CREATE FUNCTION search_lesson_chunks(
  query_embedding TEXT,
  match_module_id UUID DEFAULT NULL,
  match_threshold FLOAT DEFAULT 0.5,
  match_count INT DEFAULT 5
)
RETURNS TABLE (
  section_title TEXT,
  chunk_text TEXT,
  similarity FLOAT
)
AS $$
BEGIN
  RETURN QUERY
  SELECT
    lc.section_title,
    lc.chunk_text,
    1 - (lc.embedding <=> query_embedding::vector(768)) AS similarity
  FROM lesson_chunks lc
  WHERE
    (match_module_id IS NULL OR lc.module_id = match_module_id)
    AND (1 - (lc.embedding <=> query_embedding::vector(768))) >= match_threshold
  ORDER BY lc.embedding <=> query_embedding::vector(768)
  LIMIT match_count;
END;
$$ LANGUAGE plpgsql;

Key Engineering Challenge

The biggest challenge was type compatibility across stack layers.
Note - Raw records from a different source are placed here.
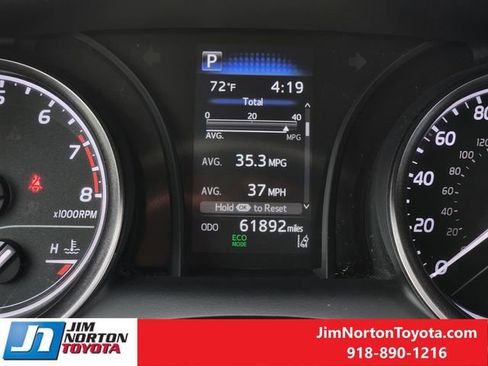 Used 2024 Toyota Camry SE w/ Cold Weather Package image 18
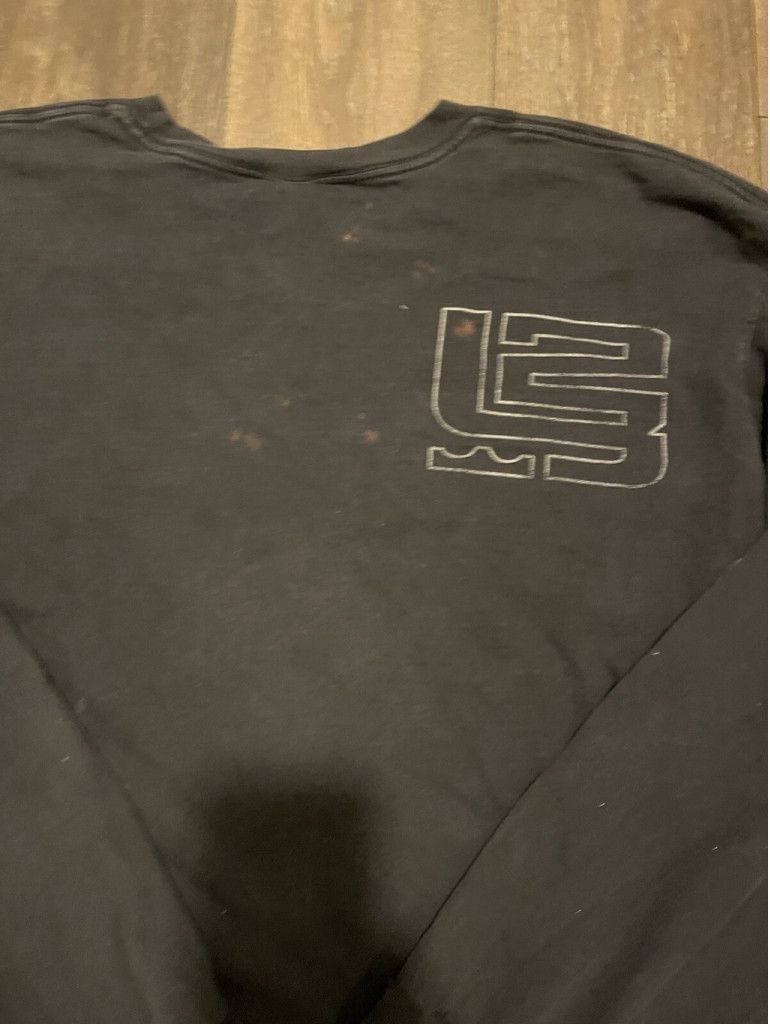 Nike Lebron James vtg 2000s Long-Sleeve T-Shirt(stains come off) Size US XL / EU 56 / 4 - 5 Thumbnail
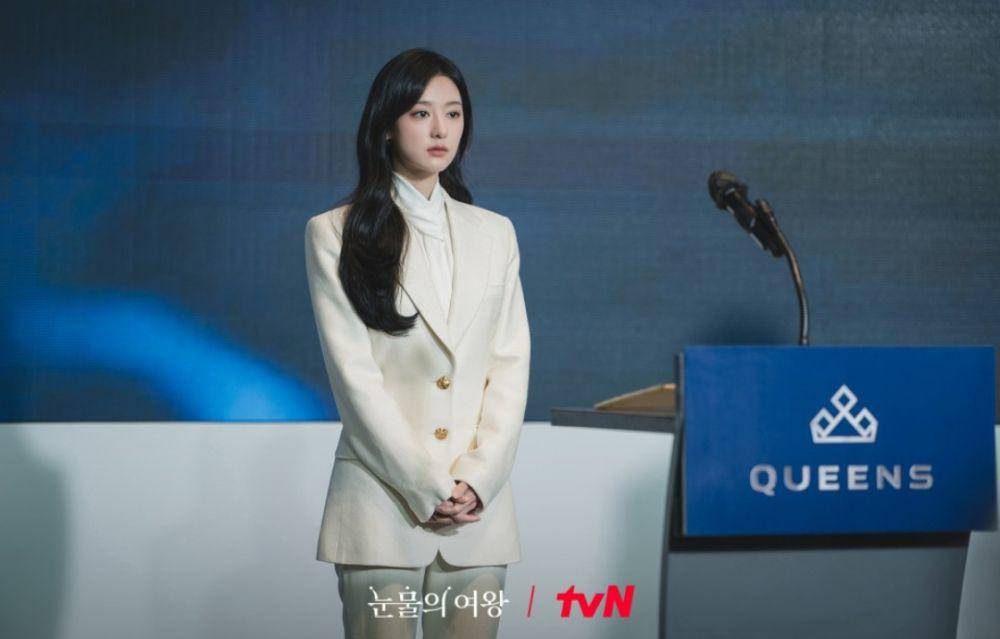 Kim Ji Won di drama Queen of Tears (dok. tvN/Queen of Tears)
The Supabase JavaScript client couldn't pass embedding arrays as vector(768) parameters to PostgreSQL RPC functions.

Symptoms:

SQL queries worked perfectly
JavaScript RPC calls returned 0 results
No error messages (silent failure)

Solution:

Changed RPC function parameter from vector(768) to TEXT
Cast TEXT to vector internally: query_embedding::vector(768)
Updated TypeScript to send embeddings as strings: [0.1,0.2,0.3,...]
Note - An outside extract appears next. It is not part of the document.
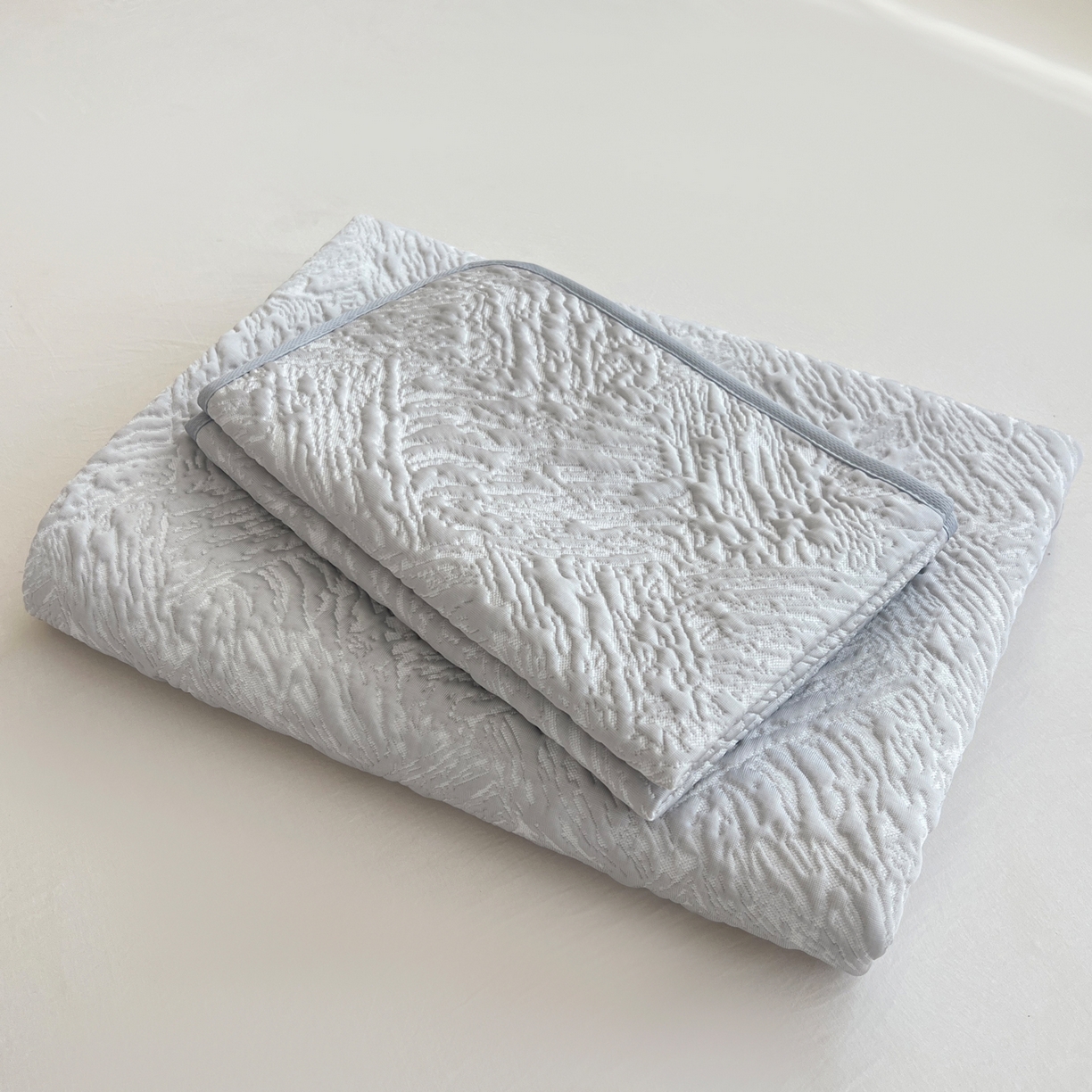 91家纺网 家纺一手货源 找家纺 能好家纺 2026新款高分子pe冰豆豆凉席床席款 轻奢灰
This workaround balances type safety with cross-platform compatibility.

Results & Validation

Here are real test queries and their top results:

Query: "How do loops work in programming?"

Result 1: "Common Loop Patterns" - 68.2% similarity ✅
Result 2: "While Loops" - 55.7% similarity ✅
Result 3: "Pattern Recognition" - 48.9% similarity

Query: "What is scientific thinking?"

Result 1: "Core Steps of Scientific Thinking" - 66.5% similarity ✅
Result 2: "Making Observations" - 61.3% similarity ✅

Performance Metrics

Embedding Generation: <100ms per query
Vector Search: <50ms per search
Similarity Scores: 0.3-0.7 range for relevant content
Chunks Retrieved: 5 per query (configurable)
Prompt Size Reduction: ~80% (5 chunks vs full lessons)

Impact on AI Tutoring

The difference is dramatic:

Before RAG:

Student: "How do loops work?"
System: [Sends entire 5000-token lesson on programming basics]
AI: [Generic response based on too much context]

After RAG:

Student: "How do loops work?"
System: [Retrieves 3 chunks: "Common Loop Patterns", "While Loops", "For Loop Examples"]
AI: [Focused, relevant response about loops specifically]

Key Takeaways

RAG isn't just about retrieval – chunking strategy and similarity thresholds are critical
Local embeddings are viable – Ollama provides production-quality embeddings at $0 cost
PostgreSQL can be a vector DB – pgvector eliminates need for specialized services
Type systems matter – cross-platform type compatibility requires careful engineering
Validation is essential – semantic similarity tests ensure quality before production

Future Enhancements

Hybrid search (semantic + keyword)
Re-ranking with cross-encoders
Dynamic chunk sizing based on content type
Caching layer for frequent queries
A/B testing RAG vs non-RAG responses

Bottom Line:

Built a production RAG system from scratch that makes AI tutoring responses 80% more efficient and significantly more relevant, all while keeping costs at $0 through local embedding generation.